RECORDS =>
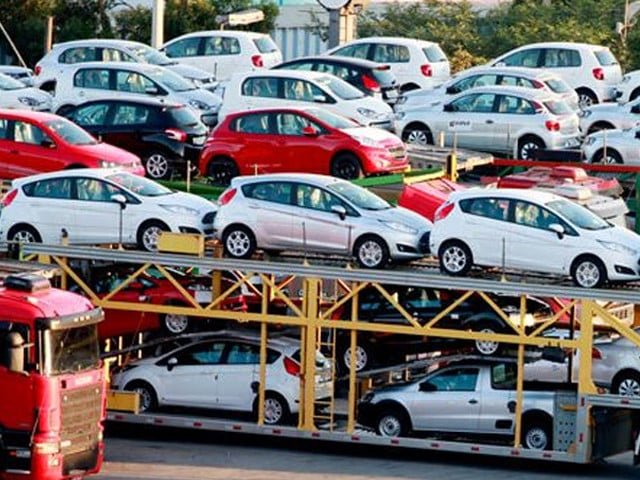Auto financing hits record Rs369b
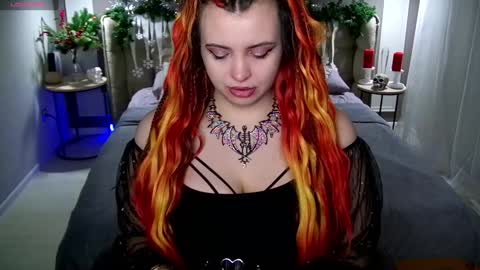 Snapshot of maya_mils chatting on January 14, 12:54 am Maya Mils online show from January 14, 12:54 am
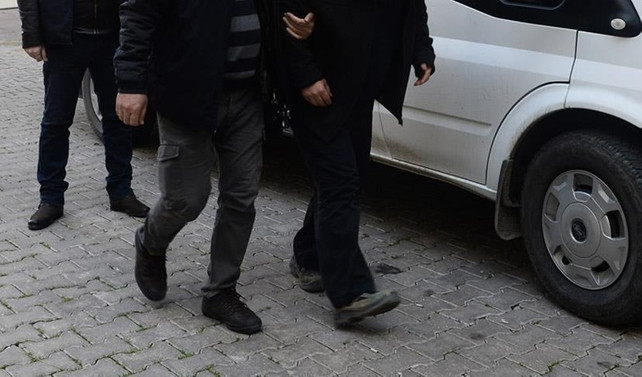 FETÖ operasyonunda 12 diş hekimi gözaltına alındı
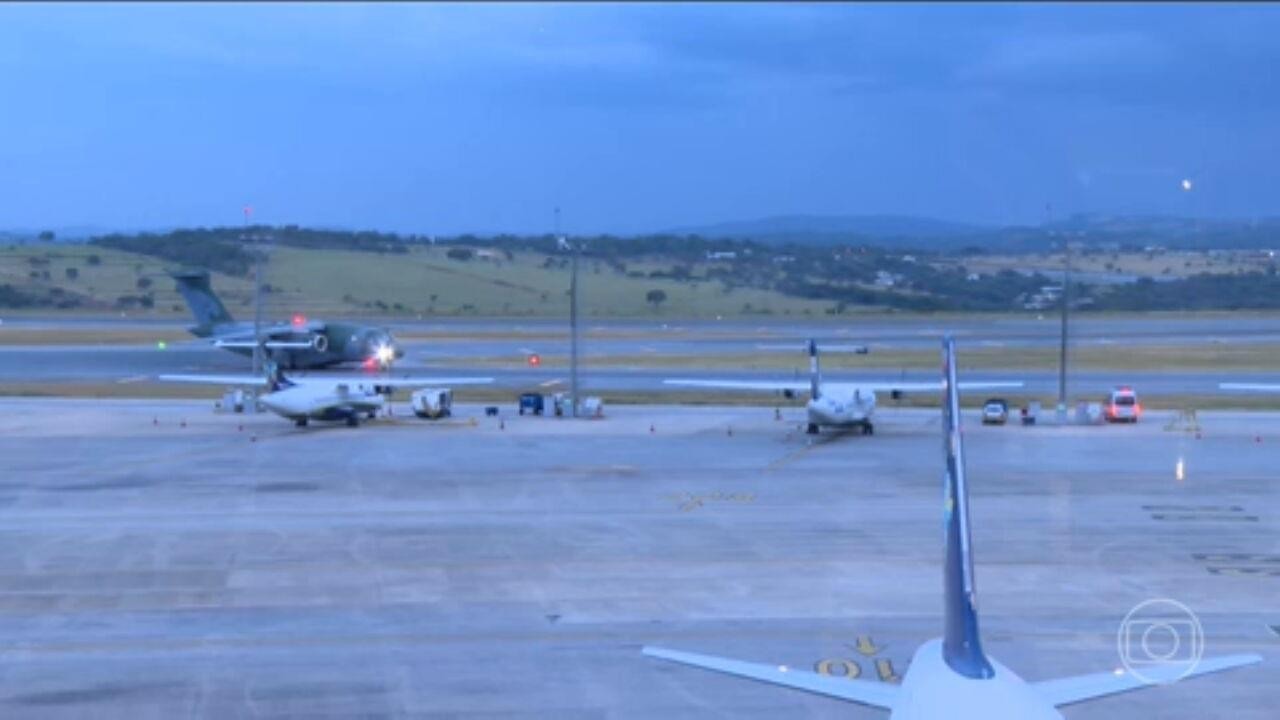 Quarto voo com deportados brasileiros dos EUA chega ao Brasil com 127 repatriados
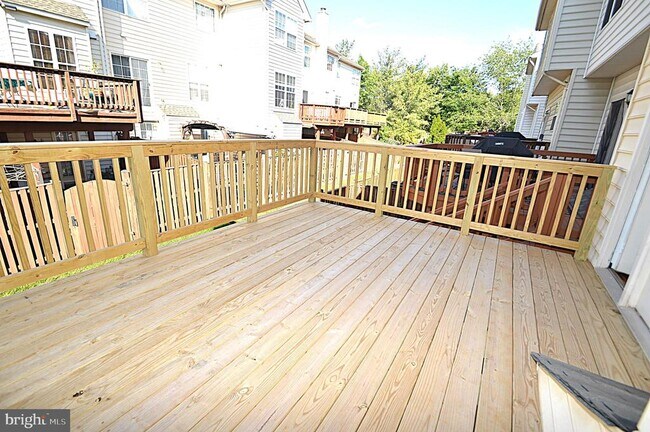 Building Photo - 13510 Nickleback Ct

==

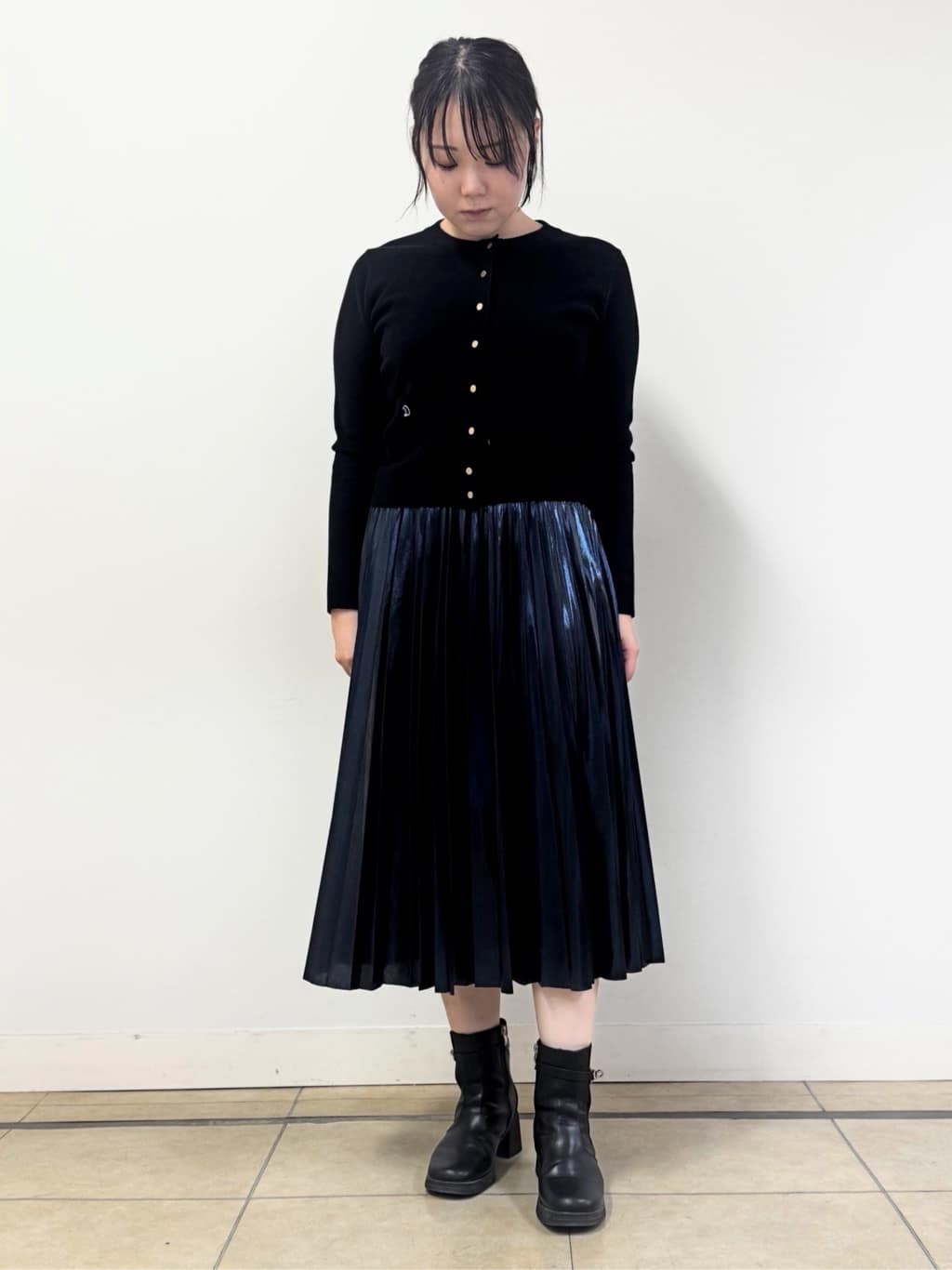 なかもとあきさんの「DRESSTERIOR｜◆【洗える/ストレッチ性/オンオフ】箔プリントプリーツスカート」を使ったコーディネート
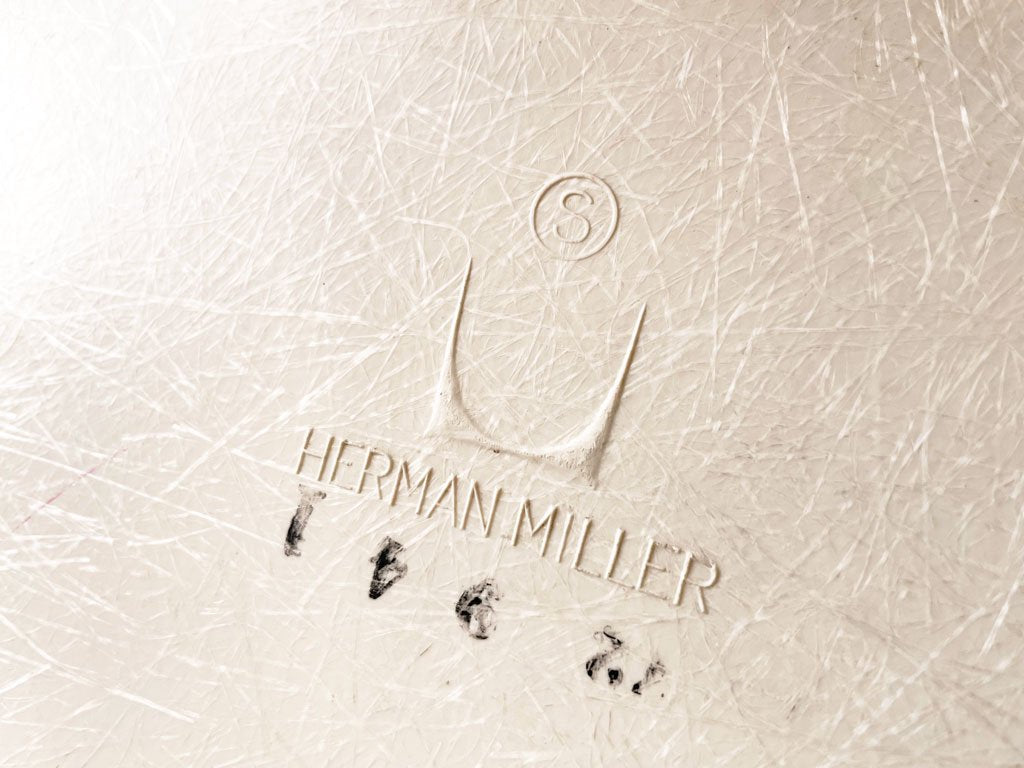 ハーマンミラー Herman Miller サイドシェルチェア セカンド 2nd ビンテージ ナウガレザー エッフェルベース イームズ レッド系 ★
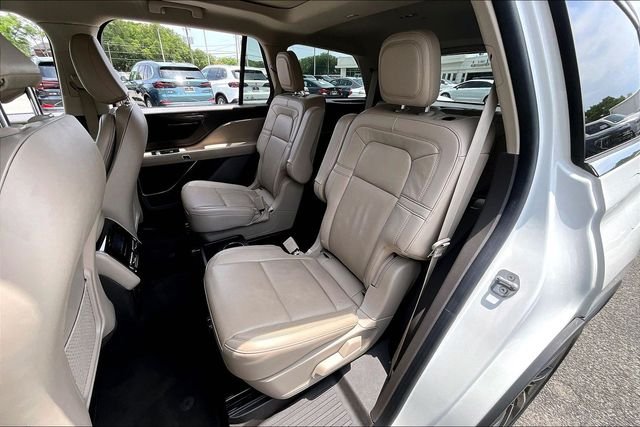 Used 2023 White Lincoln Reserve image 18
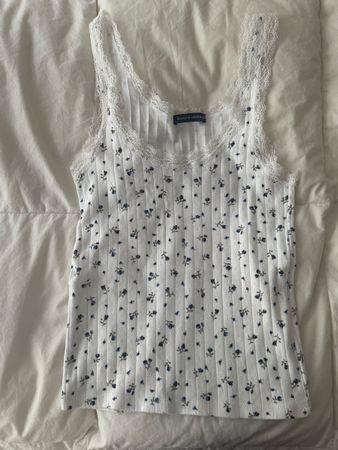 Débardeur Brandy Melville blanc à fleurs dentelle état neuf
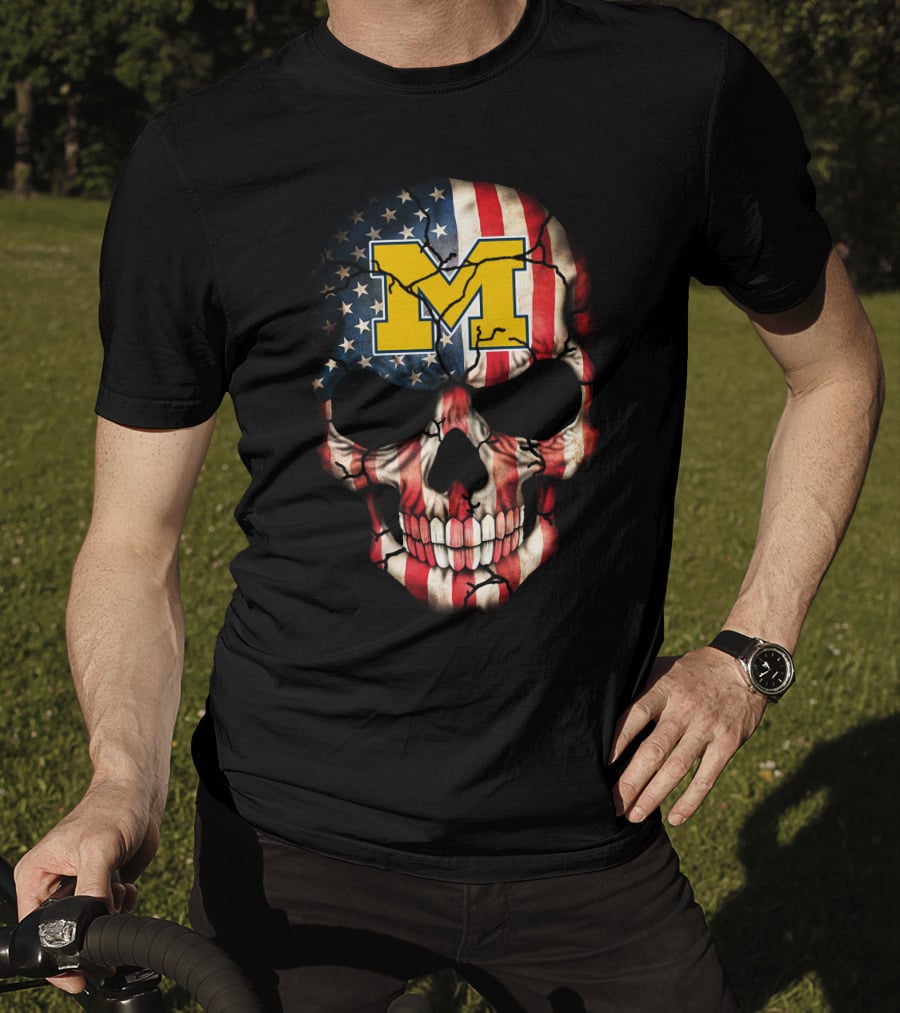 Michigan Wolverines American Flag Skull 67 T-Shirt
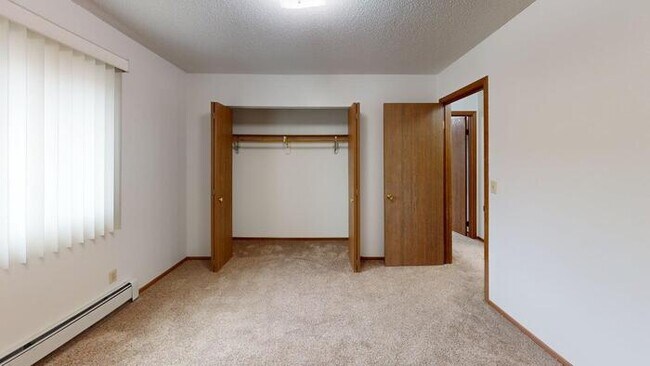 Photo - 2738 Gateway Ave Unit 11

==

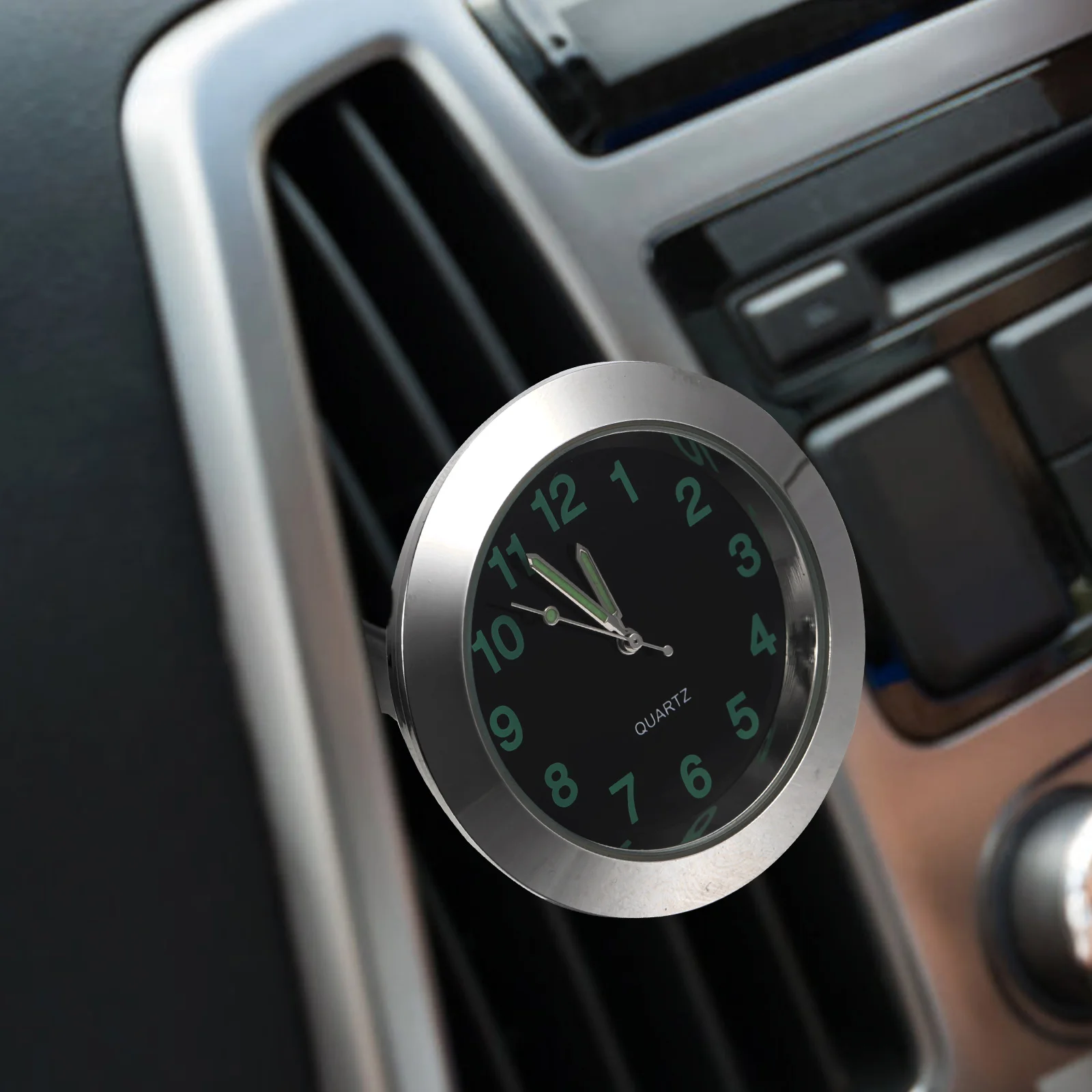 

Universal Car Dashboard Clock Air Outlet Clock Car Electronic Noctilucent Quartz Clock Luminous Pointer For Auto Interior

DESCRIPTION OF THE TASK => Only one stretch of the data is wanted: write out exactly the lines from the one holding "Used 2023 White Lincoln Reserve image 18" through the one holding "Photo - 2738 Gateway Ave Unit 11", both included, without the pictures.

SOLUTION TO THIS EXERCISE =>
 Used 2023 White Lincoln Reserve image 18
 Débardeur Brandy Melville blanc à fleurs dentelle état neuf
 Michigan Wolverines American Flag Skull 67 T-Shirt
 Photo - 2738 Gateway Ave Unit 11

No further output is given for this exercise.